Barbados welcomes the establishment of the Caribbean Community Administrative Tribunal (CCAT) with its independent judges and its capacity to protect workers.
This was the message conveyed to regional delegates by Minister of Labour and Social Partnership Relations, Colin Jordan, as he addressed the launch of the Tribunal, at CXC’s headquarters, Prince Road, Pine, St. Michael.
Minister Jordan said it recognizes that regional workers must be protected and that mechanisms have to be created to facilitate that protection.
“That protection must not just be theoretical; there must be practical outcomes, practical instruments and practical organizations that speak to the protection that we offer to our workers.
“Too often, organizations and those who lead organizations view these constructs either as enemies or as opponents; the Trade Union Movement knows that but that is also a perspective sometimes shared as it relates to tribunals that have been set up to create that atmosphere of justice for workers,” he pointed out.
While noting that workers, as the engine of an organization and its human capital, must be spoken to as human beings, Minister Jordan added that with unequal power relations in organizations, these workers needed protection.

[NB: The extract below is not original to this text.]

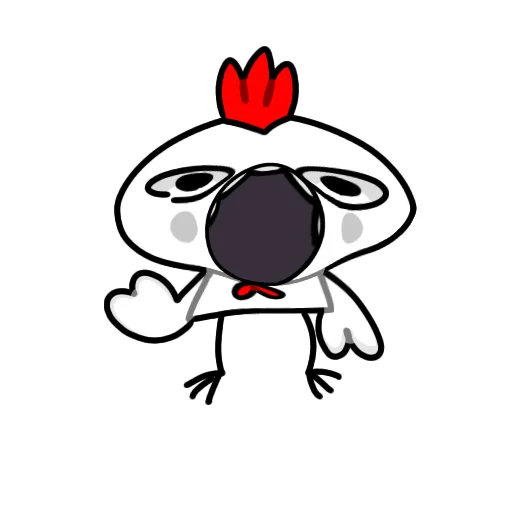 ❤️‍🔥 Стикер «Курочка загадка» для Telegram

He urged the region to develop partnerships with CCAT and said: “The tribunal and organizations that speak to bringing justice to workers should be seen as partners. And, I want to encourage CARICOM member organizations to see this tribunal as part of a system designed to partner with your respective organizations that will bring some transparency to that worker-organization relationship.”

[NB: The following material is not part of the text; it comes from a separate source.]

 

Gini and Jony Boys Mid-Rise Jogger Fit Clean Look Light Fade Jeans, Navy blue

Pointing out that along with CCAT there was still recourse to the review panel of the Caribbean Court of Justice, the Labour Minister said: “CARICOM, if it is to mean anything to the ordinary people of the Caribbean must be seen as an organization that exemplifies best practice and I think this tribunal, while created to speak to the regional workers of CARICOM member organizations, must be used as an example to ordinary people that CARICOM represents something that we can all aspire to – that CARICOM can be the exemplar of good practice in a wide variety of areas, including worker-management relations.”